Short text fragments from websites
-- Opening Marker --
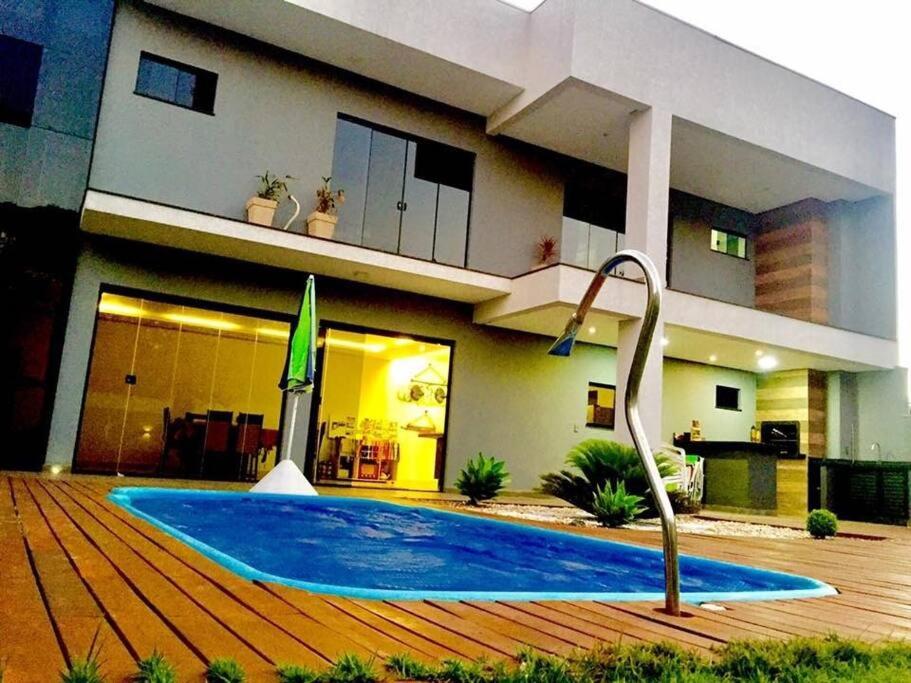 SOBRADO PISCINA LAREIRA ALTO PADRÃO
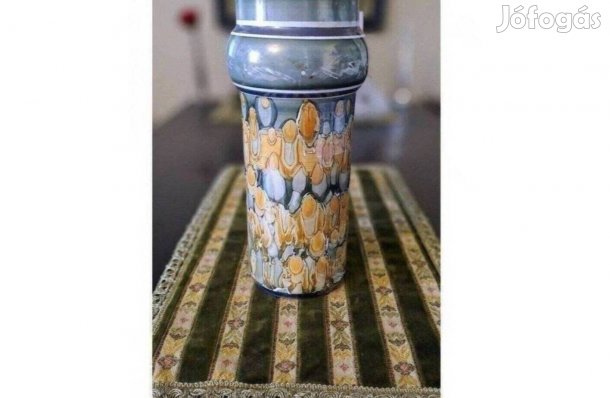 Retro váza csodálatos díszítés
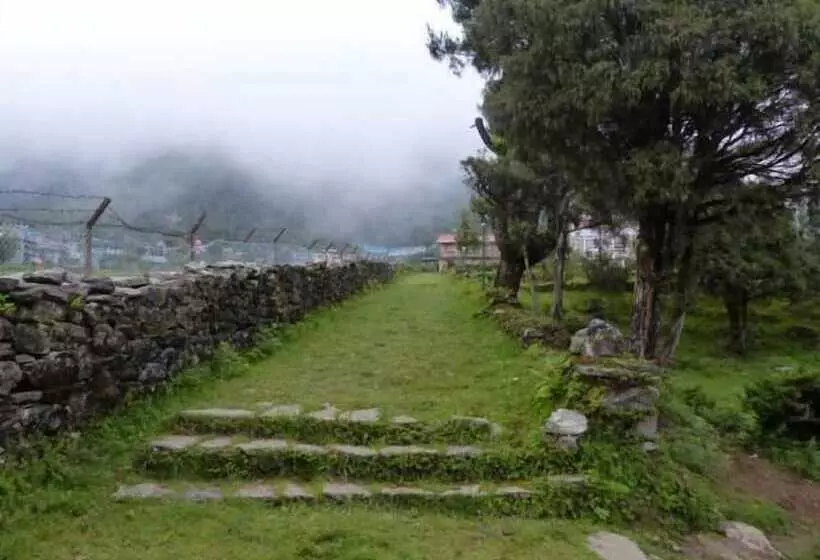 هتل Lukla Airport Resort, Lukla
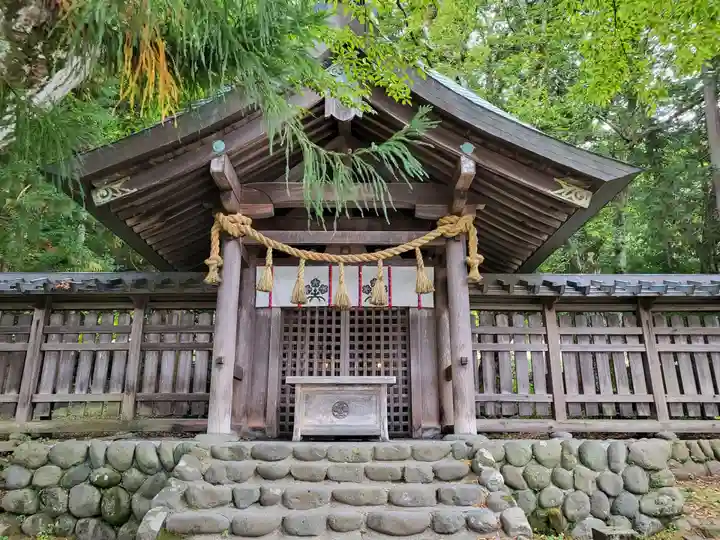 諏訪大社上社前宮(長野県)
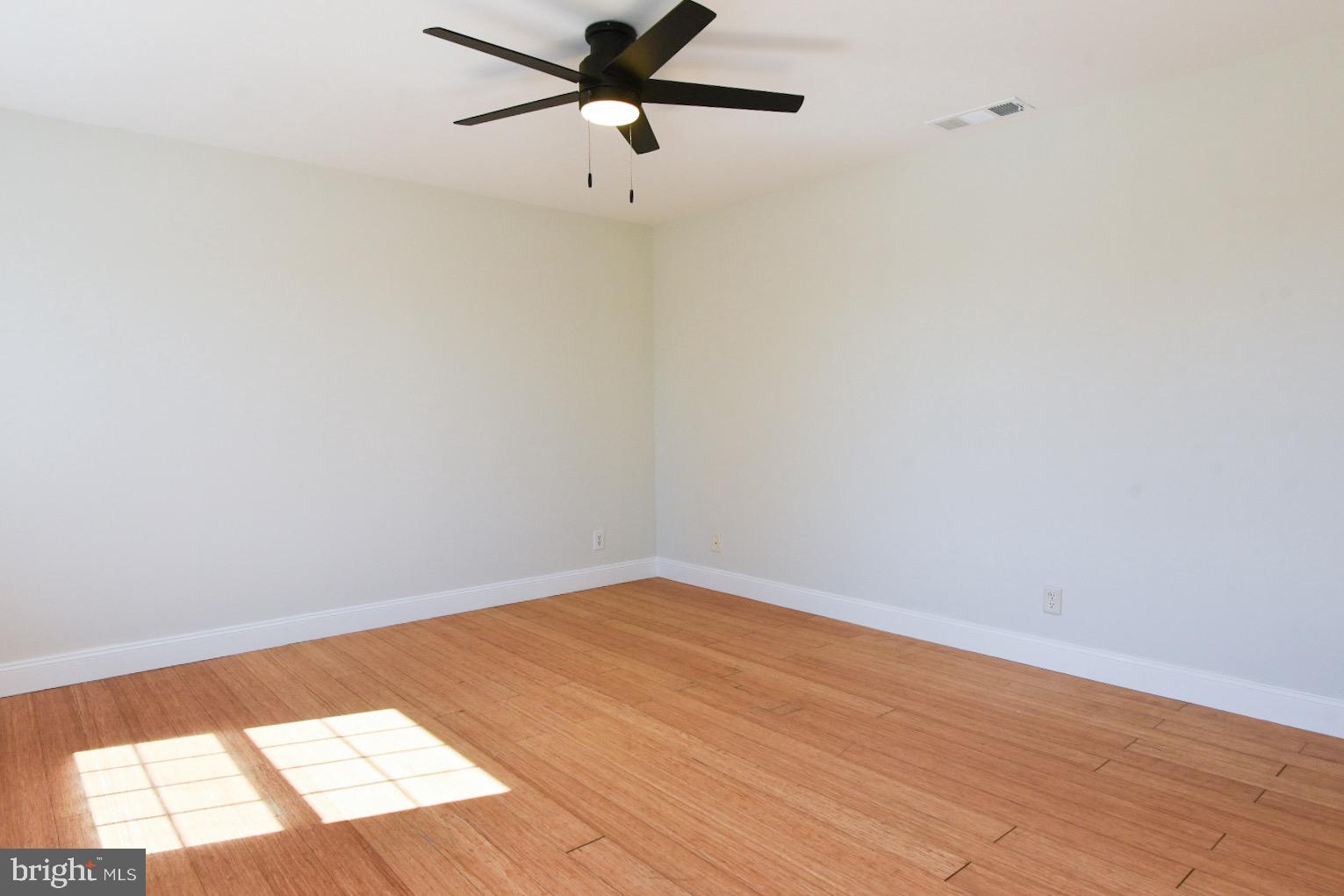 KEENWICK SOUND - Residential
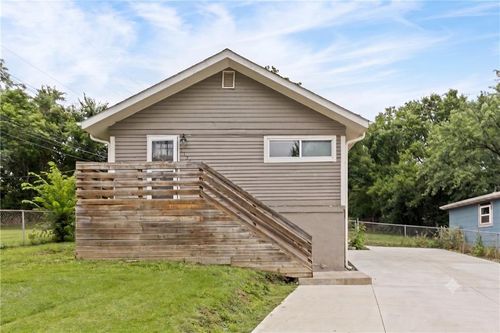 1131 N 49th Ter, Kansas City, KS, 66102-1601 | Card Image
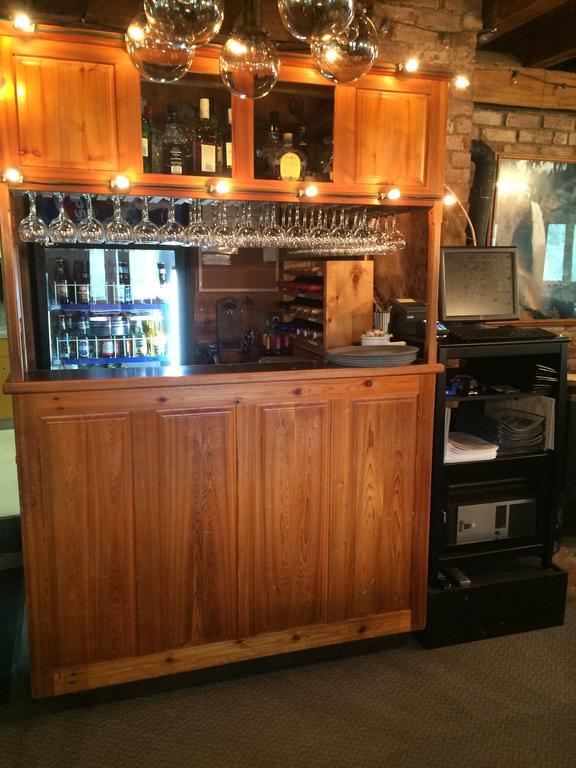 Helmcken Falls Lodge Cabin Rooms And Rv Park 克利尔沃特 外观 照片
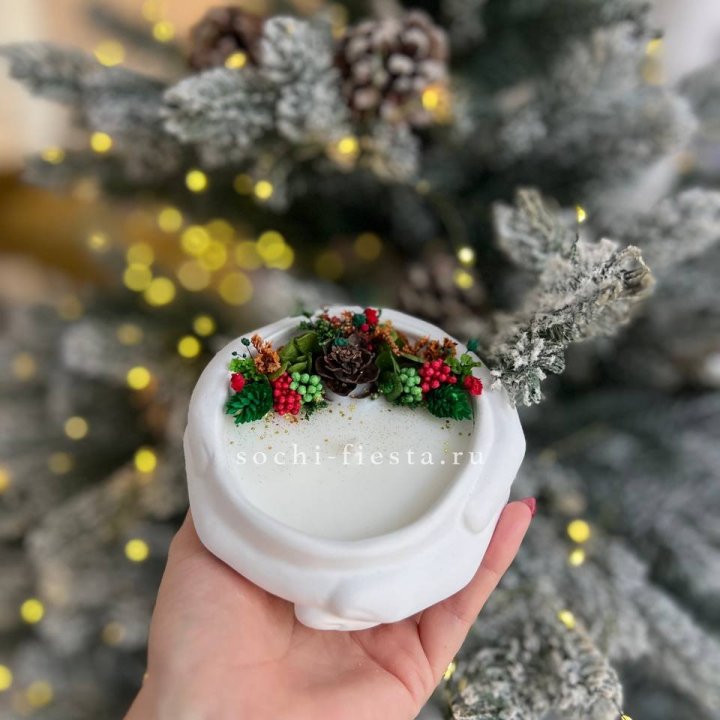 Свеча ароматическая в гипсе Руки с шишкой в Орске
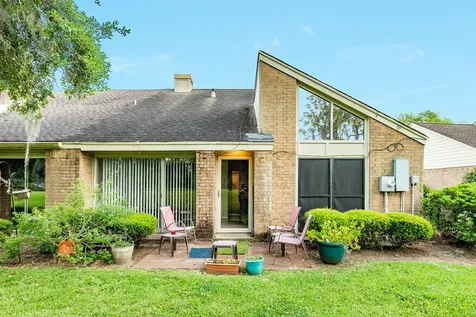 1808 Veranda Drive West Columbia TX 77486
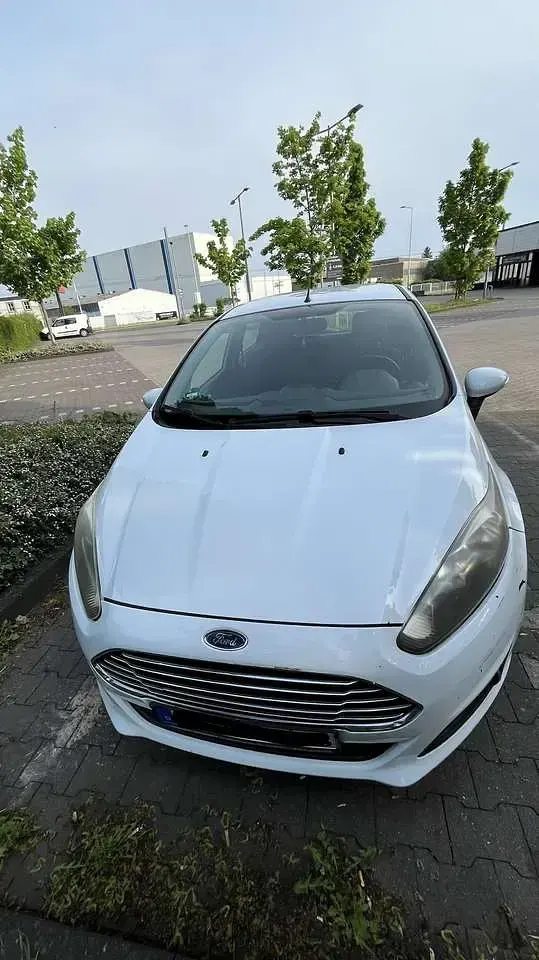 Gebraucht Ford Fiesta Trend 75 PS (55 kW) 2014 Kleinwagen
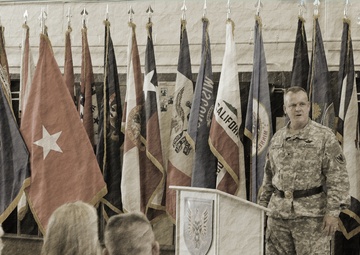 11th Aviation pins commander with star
-- Closing Marker --
# [WORK TASK]
Give back exactly, and only, the lines from the one holding "Gebraucht Ford Fiesta" through the last line of the entries, with every picture omitted.

# [RESPONSE TO THIS TASK]
 Gebraucht Ford Fiesta Trend 75 PS (55 kW) 2014 Kleinwagen
 11th Aviation pins commander with star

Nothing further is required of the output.